Si bien, allá donde se realizan los trabajos la maquinaria se paró, acá y ante los medios, dichas autoridades reiteraron su desobediencia a esa suspensión y prefirieron, con no muy buena fortuna, batirse en duelo de declaraciones que trataban de aparentar que nada grave pasaba pero que en la vida real solo los hacían hundirse más en las movedizas tierras que había formado su desacato.
El verbo “desacatar” no puede reducirse nunca a una cuestión superficial ni a un eufemismo legaloide. Es cuestión de acercarnos tantito a un diccionario general o jurídico para darnos cuenta de su importancia: Desacato significa “falta de respeto a una cosa que se considera sagrada o a una autoridad. Delito que se comete por mentir, jurar en falso o perder el respeto a una autoridad, especialmente a un juez o tribunal de justicia.”

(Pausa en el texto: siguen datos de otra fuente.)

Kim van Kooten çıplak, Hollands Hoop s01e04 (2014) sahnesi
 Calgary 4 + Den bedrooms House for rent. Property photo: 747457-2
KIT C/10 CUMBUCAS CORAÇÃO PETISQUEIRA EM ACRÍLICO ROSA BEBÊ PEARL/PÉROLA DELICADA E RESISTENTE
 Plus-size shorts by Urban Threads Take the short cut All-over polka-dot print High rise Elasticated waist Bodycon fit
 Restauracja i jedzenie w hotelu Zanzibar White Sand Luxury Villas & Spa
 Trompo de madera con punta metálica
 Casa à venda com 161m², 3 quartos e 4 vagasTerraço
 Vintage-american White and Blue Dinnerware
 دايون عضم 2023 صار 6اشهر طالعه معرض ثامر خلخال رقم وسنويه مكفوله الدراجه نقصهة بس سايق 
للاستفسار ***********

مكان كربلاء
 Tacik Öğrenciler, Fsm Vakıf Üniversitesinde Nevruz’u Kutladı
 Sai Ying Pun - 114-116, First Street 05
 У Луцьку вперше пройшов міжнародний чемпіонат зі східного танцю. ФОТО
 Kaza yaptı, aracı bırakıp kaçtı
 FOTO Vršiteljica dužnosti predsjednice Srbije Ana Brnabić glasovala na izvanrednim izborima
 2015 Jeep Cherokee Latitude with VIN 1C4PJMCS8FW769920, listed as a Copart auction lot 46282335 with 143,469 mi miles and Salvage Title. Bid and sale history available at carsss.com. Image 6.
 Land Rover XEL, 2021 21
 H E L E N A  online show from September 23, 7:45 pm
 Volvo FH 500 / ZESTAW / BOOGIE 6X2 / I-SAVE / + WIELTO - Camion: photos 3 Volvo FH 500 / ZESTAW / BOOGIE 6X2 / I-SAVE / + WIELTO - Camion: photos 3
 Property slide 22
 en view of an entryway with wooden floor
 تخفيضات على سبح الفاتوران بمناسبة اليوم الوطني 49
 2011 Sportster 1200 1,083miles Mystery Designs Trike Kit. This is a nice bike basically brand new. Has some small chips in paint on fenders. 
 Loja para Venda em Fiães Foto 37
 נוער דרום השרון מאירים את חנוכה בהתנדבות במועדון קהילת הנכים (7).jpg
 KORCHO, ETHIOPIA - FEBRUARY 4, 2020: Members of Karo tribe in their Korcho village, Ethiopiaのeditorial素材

Dicho de otra forma: el desacato es reprochado y sancionado por una autoridad porque se quiere proteger el adecuado funcionamiento de la administración pública. No es la persona del funcionario el bien jurídico que se protege (contra quien por cierto arremetió el señor gobernador) sino la Función Pública misma como institución al margen de las personas que la representen.
Por eso Silva-Herzog Márquez tiene razón cuando afirma que mandar al diablo las instituciones es mandar al diablo la democracia liberal. Pero entre los dos casos que abordamos hay una diferencia sustancial: el Peje se quedó nada más en la retórica o en el pronunciamiento, los nuevos de aquí sí lo llevaron a la práctica.